To help you maximize the relevance and usefulness of your test results, this page provides detailed information about how Firebase A/B Testing works.
During experiment creation, it is possible to change the default variant weights to place a larger percentage of experiment users into a variant.
Bayesian inference does not require the identification of a minimum sample size prior to starting an experiment. However, higher sample sizes reduce uncertainty in results and can lead to better decision-making. In general, you should pick the largest experiment exposure level that you feel comfortable with.
Several aspects of running experiments may be edited. To edit an experiment, select Edit running experiment from the experiment menu on the experiment results page. The experiment name, description, targeting conditions, and variant values can be edited. Changing the app’s behavior during a running experiment may impact results.
Remote Config variant assignment logic
Users who match all experiment targeting conditions including the percentage exposure condition are assigned to experiment variants according to a hash of the experiment ID and the user’s Firebase installation ID.

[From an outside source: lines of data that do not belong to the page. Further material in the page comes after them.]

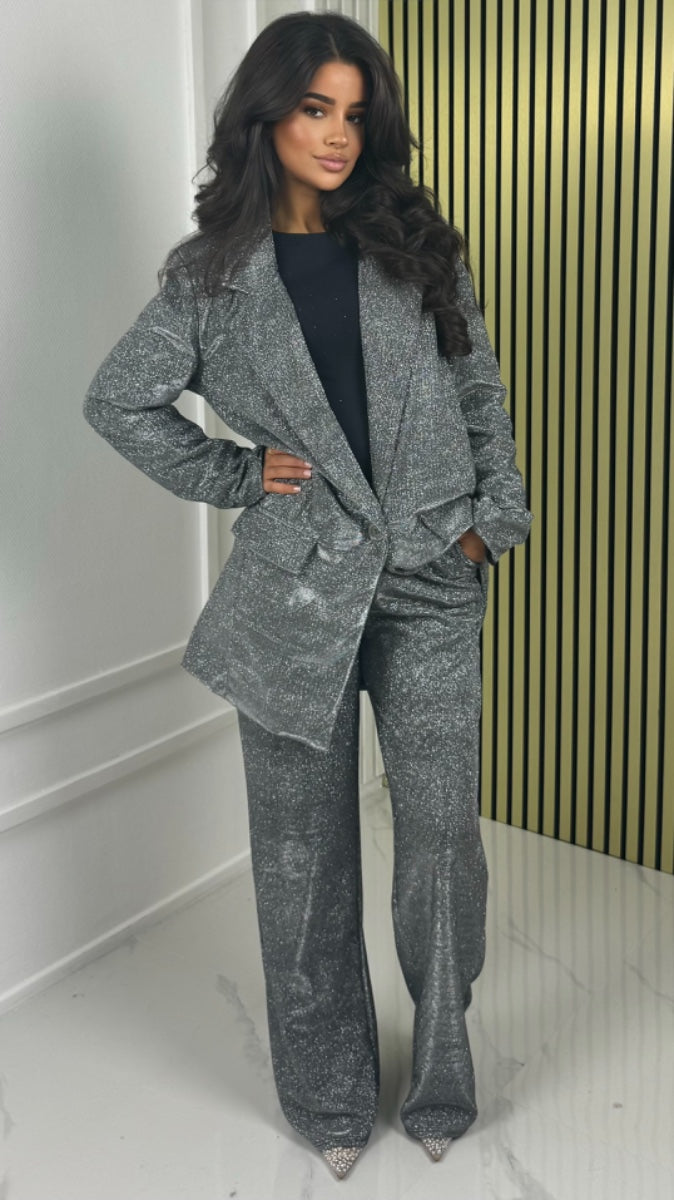 Oversized Shiny Blazer + Wide Legs Set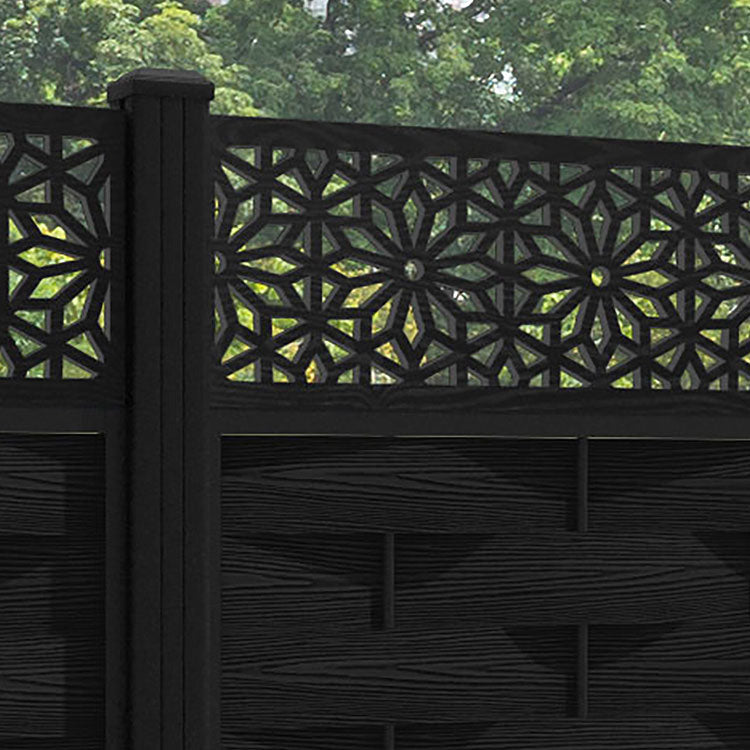 Ripple Narwa Fence Panel - Black - with our aluminium posts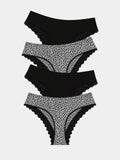 ZigZag Lace Brazilian Brief Four Pack - Leopard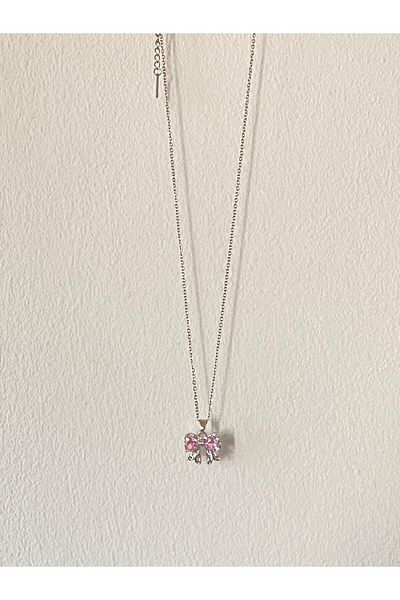 bijoux uniques Pink Stone Steel Ribbon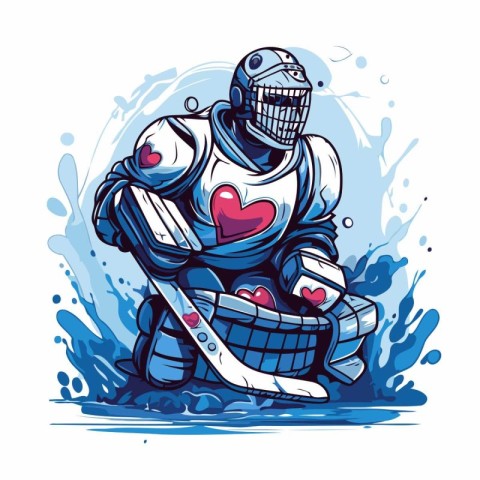 Ice hockey player with a stick and a puck. vector illustration.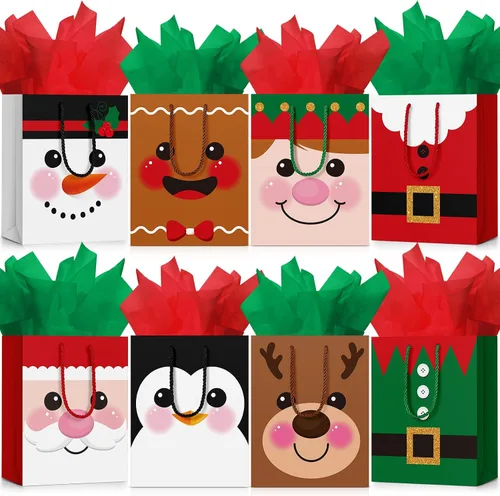 Cholemy 16 piezas de bolsas de regalo de Navidad medianas gruesas con papel de seda, bolsas de papel kraft de Navidad con asas para envolver regalos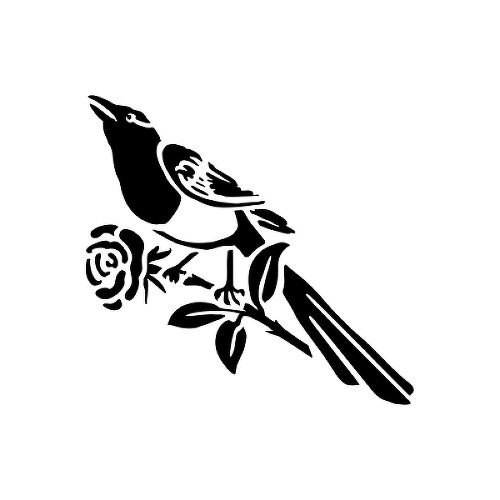 Khuôn hình decal  hoa magpie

Google Analytics Audiences are subject to latency and are not immediately available when a user initially meets the audience criteria. For time-sensitive targeting, consider the use of Google Analytics user properties or built- in targeting options such as country/region, language, and app version.
Once a user has entered an experiment, they are persistently assigned to their experiment variant and receive parameter values from the experiment as long as the experiment remains active, even if their user properties change and they no longer meet the experiment targeting criteria.

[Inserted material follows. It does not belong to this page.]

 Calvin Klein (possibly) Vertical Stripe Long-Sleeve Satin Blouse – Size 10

Experiment activation events limit experiment measurement to app users who trigger the activation event. The experiment activation event does not have any impact on the experiment parameters that are fetched by the app; all users who meet the experiment targeting criteria will receive experiment parameters. Consequently, it is important to choose an activation event that occurs after the experiment parameters have been fetched and activated, but before the experiment parameters have been used to modify the app’s behavior.
Interpreting test results
Firebase A/B Testing results are powered by Google Optimize. Google Optimize uses Bayesian inference to generate insightful statistics from your experiment data. To learn more, see the Optimize resource hub.
Results are split into "observed data" and "modeled data." Observed data is calculated directly from analytics data, and modeled data comes from the application of our Bayesian model to the observed data.
For each metric, the following statistics are displayed:
- Total value (sum of metric for all users in the variant)
- Average value (average value of metric for users in the variant)
- % difference from baseline
- Probability to beat baseline: how likely that the metric is higher for this variant compared to the baseline
- Percent difference from baseline: based on the median model estimates of the metric for the variant and the baseline
- Metric ranges: the ranges where the value of the metric is most likely to to be found, with 50% and 95% certainty
Overall, the experiment results give us three important insights for each variant in the experiment:
- How much higher or lower each experiment metric is compared to the baseline, as directly measured (i.e., the actual observed data)
- How likely it is that each experiment metric is higher than the baseline / best overall, based on Bayesian inference (probability to be better / best respectively)
- The plausible ranges for each experiment metric based on Bayesian inference--"best case" and "worst case" scenarios (credible intervals)
A test must run for at least 7 days (Notifications) or 14 days (Remote Config) before Firebase will declare that a variant is a "clear leader."
Firebase will declare that a variant is a "clear leader" if it has greater than 95% chance of being better than the baseline variant on the primary metric. If multiple variants meet the "clear leader" criteria, only the best performing variant overall will be labeled as the "clear leader."
Since leader determination is based on the primary goal only, you should consider all relevant factors before deciding whether or not to roll out a leading variant. For example, you may wish to consider the expected upside of making the change, the downside risk (such as the lower end of the credible interval for improvement), and the impact to metrics other than the primary goal.
It is possible to roll out any variant, not just a leading variant, based on your overall evaluation of performance.
Firebase recommends that an experiment continue to run until two conditions are met:
- Minimum experiment duration has been met (7 days for Notifications and 14 days for Remote Config and Firebase In-App Messaging)
- The potential value of continuing the experiment drops below a minimum threshold--defined as a 5% chance of a >1% loss from incorrectly choosing the current leader
It is possible to roll out an experiment before a leader has been declared if you are comfortable with the results. Most experiments that have been running for two weeks without declaring a leader will not meet the leader-finding criteria prior to expiration.
Experiment data is processed by Google Optimize for a maximum of 90 days after experiment start. After 90 days, the experiment will continue to set Remote Config parameters for users in the experiment, but experiment results will no longer be updated in the Firebase console.
A/B Testing does not have a separate BQ table--experiment and variant memberships are stored as user properties on every GA event in the normal GA event tables.
The user properties containing experiment information are of the form "userProperty.key like "firebase_exp_%" and userProperty.value.string_value contains the (zero-based) index of the experiment variant.
You can use these experiment user properties to identify the specific users who were in each experiment and variant. This gives you the power to slice your experiment results in many different ways.
A/B Testing has a limit of 300 total draft, running, and completed experiments. Deleting an experiment can free up space to create a new one.
A/B Testing is limited to 24 simultaneous experiments. Stopping an experiment can free up space to start a new one.
An experiment can have a maximum of 8 variants including the baseline.